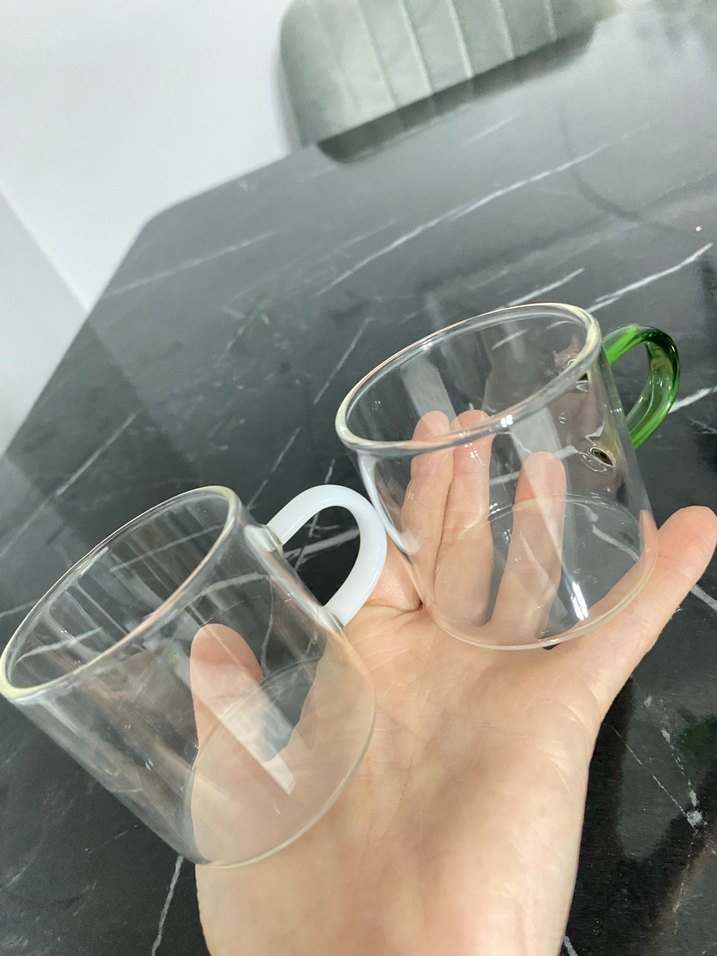 Yeşil ve Beyaz Kulplu Cam Bardaklar - Görsel 2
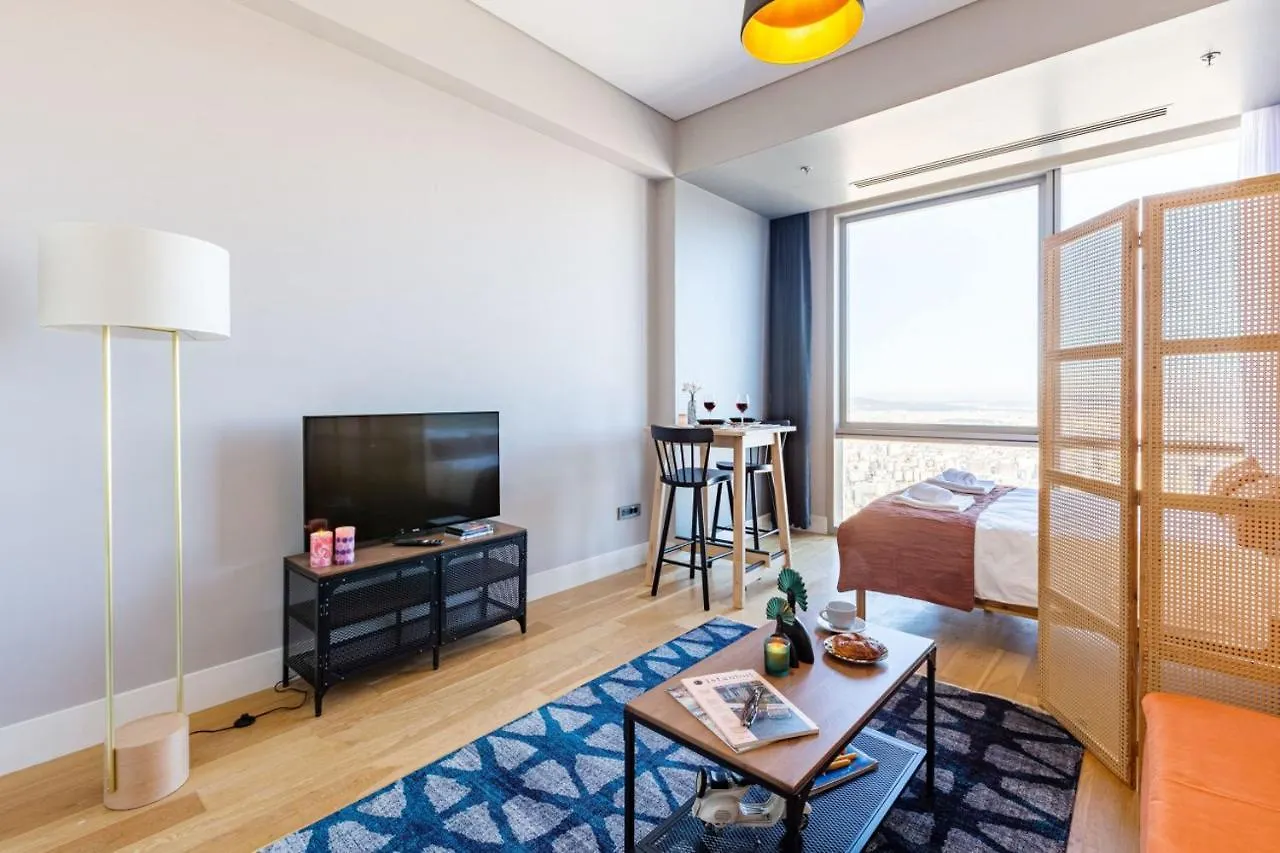 Studio Flat With Panoramic City View In Atasehir Apartment Istanbul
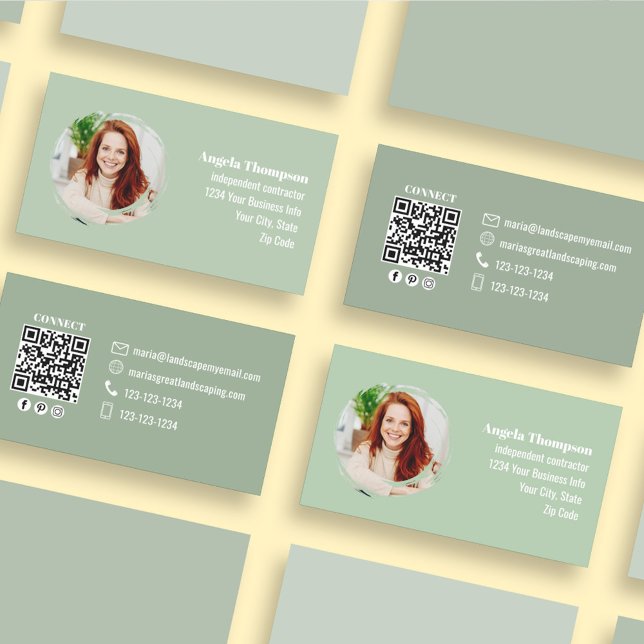 Cartão De Visita Green Photo QR Code Social Media (Business card template with a photo template and a scannable QR code. )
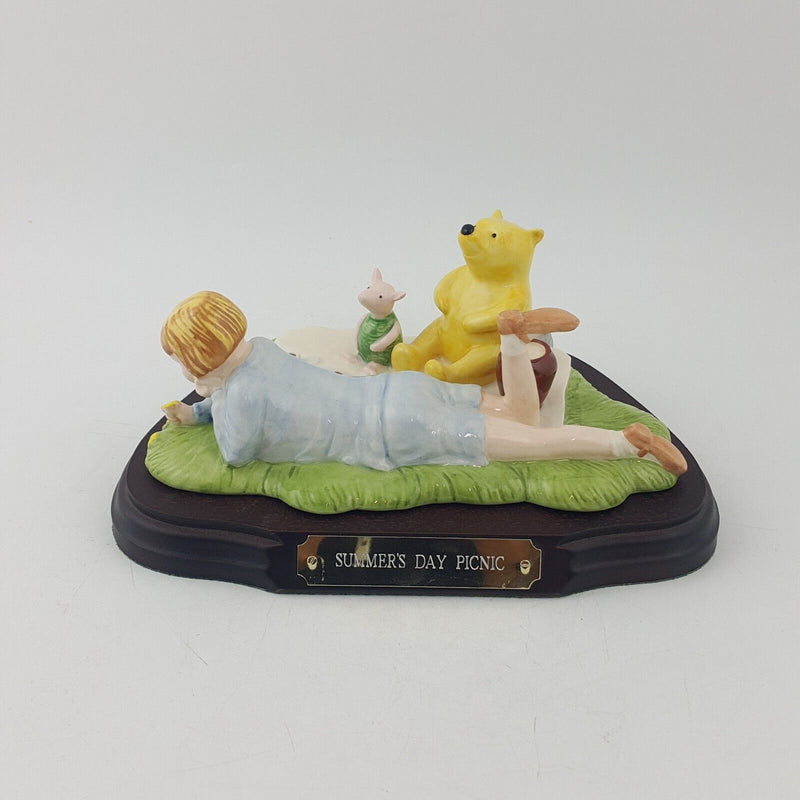 Royal Doulton Winnie the Pooh Pooh Counting The Honeypots WP12 - 8127 RD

————

After locating the line that holds "Studio Flat With", output exactly the lines from it through the last line of the material above, inclusive, without pictures.

 Studio Flat With Panoramic City View In Atasehir Apartment Istanbul
 Cartão De Visita Green Photo QR Code Social Media (Business card template with a photo template and a scannable QR code. )
 Royal Doulton Winnie the Pooh Pooh Counting The Honeypots WP12 - 8127 RD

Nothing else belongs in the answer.